When Sadat assumed the presidency in September 1970, Heikal remained presidential counselor. Estrangement arose when Heikal voiced doubts about the 1974 Sinai I disengagement agreement and Sadat's drift toward the U. S. Heikal, like some other Egyptian leaders, decried that agreement, viewing it as incommensurate with Egypt's sacrifices and military successes during the October war. It would, he contended, enable the U. S. to "freeze" any further Israeli withdrawal from Sinai. Professing intimate knowledge of U. S. purposes, and casting these as immutably pro-Israeli, he publicly warned against reliance upon Washington and recounted alleged "secret" American plans to seize the Abu Dhabi oil fields. Such criticisms were embarrassing to Sadat, who had by then opted for a new policy of close cooperation with the U. S. Since Heikal would not remain quiet, he was dismissed from his editorship and offered the empty sinecure of presidential press counselor. This he refused to take up. Forbidden to publish in Egypt, Heikal did so abroad. In September 1981, immediately after Sadat's last visit to Washington, he was among several hundred Egyptian political figures whom Sadat had arrested and imprisoned. When Mubarak took office, Heikal was released, but not restored to any public role.

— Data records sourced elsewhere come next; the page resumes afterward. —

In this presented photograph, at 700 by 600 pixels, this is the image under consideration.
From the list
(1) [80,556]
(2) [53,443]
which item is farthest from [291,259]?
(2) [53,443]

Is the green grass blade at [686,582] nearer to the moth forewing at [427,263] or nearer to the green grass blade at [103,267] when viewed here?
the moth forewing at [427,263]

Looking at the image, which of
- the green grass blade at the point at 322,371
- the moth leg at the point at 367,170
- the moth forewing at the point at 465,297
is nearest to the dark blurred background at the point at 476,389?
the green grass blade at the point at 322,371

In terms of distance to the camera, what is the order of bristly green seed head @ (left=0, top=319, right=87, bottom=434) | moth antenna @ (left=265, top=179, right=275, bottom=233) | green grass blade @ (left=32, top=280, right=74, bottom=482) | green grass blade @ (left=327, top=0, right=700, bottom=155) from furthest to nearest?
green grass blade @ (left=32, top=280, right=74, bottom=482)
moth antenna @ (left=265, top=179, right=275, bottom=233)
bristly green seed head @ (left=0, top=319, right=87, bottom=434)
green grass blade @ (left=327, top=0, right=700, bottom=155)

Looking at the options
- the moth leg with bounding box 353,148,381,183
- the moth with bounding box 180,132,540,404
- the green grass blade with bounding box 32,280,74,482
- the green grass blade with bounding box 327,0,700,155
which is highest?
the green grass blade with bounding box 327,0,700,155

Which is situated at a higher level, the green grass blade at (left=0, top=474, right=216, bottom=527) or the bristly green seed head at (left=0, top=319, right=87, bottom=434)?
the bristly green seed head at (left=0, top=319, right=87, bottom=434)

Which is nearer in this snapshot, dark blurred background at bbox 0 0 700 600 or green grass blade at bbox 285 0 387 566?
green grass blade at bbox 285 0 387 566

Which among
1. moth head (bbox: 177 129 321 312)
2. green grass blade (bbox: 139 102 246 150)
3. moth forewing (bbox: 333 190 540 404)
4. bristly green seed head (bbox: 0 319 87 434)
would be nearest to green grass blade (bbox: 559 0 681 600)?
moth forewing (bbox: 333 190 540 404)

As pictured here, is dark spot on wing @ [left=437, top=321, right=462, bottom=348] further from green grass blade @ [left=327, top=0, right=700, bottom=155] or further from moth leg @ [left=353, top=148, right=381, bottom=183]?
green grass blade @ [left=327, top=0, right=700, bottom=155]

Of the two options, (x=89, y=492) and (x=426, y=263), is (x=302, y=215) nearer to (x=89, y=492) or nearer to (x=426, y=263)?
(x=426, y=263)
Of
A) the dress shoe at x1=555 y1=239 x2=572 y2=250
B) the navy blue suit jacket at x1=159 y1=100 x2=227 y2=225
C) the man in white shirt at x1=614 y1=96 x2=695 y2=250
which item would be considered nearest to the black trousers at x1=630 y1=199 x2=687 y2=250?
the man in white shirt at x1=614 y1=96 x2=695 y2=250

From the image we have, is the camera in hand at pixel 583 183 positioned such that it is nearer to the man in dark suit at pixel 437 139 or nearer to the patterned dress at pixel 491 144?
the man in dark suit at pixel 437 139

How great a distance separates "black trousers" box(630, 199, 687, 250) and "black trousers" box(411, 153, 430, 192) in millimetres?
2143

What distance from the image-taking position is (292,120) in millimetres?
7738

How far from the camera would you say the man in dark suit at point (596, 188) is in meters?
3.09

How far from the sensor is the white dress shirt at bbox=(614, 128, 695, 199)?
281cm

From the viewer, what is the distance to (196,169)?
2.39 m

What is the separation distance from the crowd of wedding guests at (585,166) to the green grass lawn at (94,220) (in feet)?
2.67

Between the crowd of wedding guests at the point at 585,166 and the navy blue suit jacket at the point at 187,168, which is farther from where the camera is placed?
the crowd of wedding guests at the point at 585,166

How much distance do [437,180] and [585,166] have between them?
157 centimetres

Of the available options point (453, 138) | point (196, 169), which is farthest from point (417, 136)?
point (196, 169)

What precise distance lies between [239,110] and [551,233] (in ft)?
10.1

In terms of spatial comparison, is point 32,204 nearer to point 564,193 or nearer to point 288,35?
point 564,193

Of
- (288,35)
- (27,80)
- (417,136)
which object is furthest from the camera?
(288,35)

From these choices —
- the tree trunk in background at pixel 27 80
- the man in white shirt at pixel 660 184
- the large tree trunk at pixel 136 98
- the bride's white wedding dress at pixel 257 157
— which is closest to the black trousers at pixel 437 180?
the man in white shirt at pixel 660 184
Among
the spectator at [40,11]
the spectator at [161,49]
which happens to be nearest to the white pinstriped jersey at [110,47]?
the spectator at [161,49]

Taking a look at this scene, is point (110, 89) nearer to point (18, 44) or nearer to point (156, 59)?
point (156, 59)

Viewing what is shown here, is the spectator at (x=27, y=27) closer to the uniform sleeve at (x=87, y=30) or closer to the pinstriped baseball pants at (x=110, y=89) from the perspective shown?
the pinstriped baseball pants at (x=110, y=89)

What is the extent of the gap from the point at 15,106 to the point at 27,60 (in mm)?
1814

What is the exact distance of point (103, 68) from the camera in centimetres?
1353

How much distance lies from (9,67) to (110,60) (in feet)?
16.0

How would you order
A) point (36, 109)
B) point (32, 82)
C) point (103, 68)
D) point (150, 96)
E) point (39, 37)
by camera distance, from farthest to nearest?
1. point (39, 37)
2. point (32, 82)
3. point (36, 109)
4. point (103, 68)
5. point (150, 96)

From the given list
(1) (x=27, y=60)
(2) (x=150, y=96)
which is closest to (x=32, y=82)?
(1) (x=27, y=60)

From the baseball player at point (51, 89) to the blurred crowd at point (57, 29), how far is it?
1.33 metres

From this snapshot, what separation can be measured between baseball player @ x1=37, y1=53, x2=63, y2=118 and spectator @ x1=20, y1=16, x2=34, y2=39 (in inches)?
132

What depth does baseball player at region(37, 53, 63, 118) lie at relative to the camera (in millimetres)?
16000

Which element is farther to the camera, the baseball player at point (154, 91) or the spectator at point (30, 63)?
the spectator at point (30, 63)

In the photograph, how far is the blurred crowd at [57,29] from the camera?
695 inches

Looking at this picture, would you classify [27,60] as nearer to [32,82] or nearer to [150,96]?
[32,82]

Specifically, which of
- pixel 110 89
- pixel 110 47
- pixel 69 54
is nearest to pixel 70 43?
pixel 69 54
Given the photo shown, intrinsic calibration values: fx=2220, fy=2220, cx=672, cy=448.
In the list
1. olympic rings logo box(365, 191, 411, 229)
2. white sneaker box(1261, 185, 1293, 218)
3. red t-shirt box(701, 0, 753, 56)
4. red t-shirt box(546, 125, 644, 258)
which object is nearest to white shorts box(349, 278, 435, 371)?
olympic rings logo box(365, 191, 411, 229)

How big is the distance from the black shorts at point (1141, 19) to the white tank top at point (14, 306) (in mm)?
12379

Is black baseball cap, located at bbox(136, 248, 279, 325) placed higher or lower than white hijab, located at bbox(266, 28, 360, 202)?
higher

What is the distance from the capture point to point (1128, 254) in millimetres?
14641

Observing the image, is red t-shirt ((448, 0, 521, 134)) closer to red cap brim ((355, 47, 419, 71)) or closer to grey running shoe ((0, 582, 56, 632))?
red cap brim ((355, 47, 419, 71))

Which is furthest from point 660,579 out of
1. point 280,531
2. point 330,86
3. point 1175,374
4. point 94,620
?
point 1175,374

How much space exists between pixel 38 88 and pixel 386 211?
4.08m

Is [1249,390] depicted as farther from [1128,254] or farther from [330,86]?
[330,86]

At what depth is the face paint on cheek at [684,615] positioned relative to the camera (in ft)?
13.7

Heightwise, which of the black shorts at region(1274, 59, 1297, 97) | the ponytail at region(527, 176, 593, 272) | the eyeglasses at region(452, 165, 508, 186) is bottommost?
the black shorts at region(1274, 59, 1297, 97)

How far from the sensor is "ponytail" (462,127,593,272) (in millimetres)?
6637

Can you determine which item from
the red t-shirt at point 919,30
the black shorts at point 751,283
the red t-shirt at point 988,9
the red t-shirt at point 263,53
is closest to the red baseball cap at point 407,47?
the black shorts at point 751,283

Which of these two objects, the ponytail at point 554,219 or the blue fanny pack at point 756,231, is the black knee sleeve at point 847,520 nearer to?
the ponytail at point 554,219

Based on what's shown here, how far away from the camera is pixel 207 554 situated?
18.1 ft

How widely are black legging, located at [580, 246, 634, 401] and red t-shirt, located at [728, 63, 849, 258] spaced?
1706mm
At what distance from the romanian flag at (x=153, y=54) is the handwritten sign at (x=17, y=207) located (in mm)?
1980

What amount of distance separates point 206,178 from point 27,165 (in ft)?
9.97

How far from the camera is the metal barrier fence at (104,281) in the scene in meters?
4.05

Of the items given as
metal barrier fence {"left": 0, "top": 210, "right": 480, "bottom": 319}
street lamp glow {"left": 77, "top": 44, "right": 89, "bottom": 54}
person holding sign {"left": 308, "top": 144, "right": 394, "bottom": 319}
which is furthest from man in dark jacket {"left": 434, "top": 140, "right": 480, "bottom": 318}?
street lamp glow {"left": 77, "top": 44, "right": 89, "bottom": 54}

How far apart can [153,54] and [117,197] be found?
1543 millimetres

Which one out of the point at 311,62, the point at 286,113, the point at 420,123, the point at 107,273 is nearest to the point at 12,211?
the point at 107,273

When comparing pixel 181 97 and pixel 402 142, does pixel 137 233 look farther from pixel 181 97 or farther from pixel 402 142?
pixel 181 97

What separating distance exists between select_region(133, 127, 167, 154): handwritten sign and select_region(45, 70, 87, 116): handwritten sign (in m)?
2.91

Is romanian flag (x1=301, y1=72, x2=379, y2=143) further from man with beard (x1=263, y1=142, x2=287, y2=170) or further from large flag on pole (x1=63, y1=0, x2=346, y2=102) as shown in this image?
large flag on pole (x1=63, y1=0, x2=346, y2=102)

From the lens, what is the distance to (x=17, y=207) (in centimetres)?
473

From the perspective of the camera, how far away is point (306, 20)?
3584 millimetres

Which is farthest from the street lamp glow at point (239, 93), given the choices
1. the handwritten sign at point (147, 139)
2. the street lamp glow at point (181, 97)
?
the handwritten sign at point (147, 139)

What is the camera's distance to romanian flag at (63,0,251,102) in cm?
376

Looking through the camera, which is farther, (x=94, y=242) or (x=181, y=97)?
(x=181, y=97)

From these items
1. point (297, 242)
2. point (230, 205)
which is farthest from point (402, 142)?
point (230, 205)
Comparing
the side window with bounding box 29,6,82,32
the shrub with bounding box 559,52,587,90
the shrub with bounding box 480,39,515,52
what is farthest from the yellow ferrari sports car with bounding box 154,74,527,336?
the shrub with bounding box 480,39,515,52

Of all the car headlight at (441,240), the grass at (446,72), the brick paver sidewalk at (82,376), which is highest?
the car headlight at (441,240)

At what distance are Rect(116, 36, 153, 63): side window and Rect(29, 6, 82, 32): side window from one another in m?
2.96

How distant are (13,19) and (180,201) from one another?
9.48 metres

Heikal has always been the darling of foreign pressmen and visiting legislators. They regularly sought him out to probe "opposition" thinking. Though provocative and incisive, he has always reminded me of a professor whom I once knew whose lectures, while spellbinding, were marred by a cavalier indifference to factual accuracy. Heikal, too, tends almost unconsciously to elide from direct personal knowledge of events to facile notionalism.
Heikal's present volume has as its centerpiece Sadat's assassination by Islamic fundamentalists on October 6, 1981, and the almost indifferent Egyptian public response to that event. While denying any vendetta motive, his intent is clearly character assassination. In the tradition of ancient Egypt, in which monuments of deceased pharaohs were deliberately defaced by successors, Heikal seeks to defame the Sadat image. He casts his net widely and his litany of excoriations is broad: Sadat's alleged projection of a "superstar" image, base antecedents, sensitivity to his dark skin hue, penchant for gaudy uniforms, inflated autobiographical claims of his role in and before the 1952 Egyptian revolution, political vacillation, obsequiousness to Nasser, failure to order exploitation of military successes in October 1973, tolerance of corruption, giving out national treasures as gifts, cronyism, the "open door" policy, and Sadat's paternalistic and sometimes thespian style. Implicit in this gamut of indictments is bitterness that Sadat, by jettisoning Nasser's nonalignment and Arab socialist policies and tilting instead toward the U. S. and a mixed economy, led Egypt to what he dubs its "second ruin." Not only has Egypt been ill-requited for its pro-American shift, he argues, but it has lost its leadership role in the Arab world (along with Arab aid), antagonized the U.S.S.R., and is now being taken for granted by Washington.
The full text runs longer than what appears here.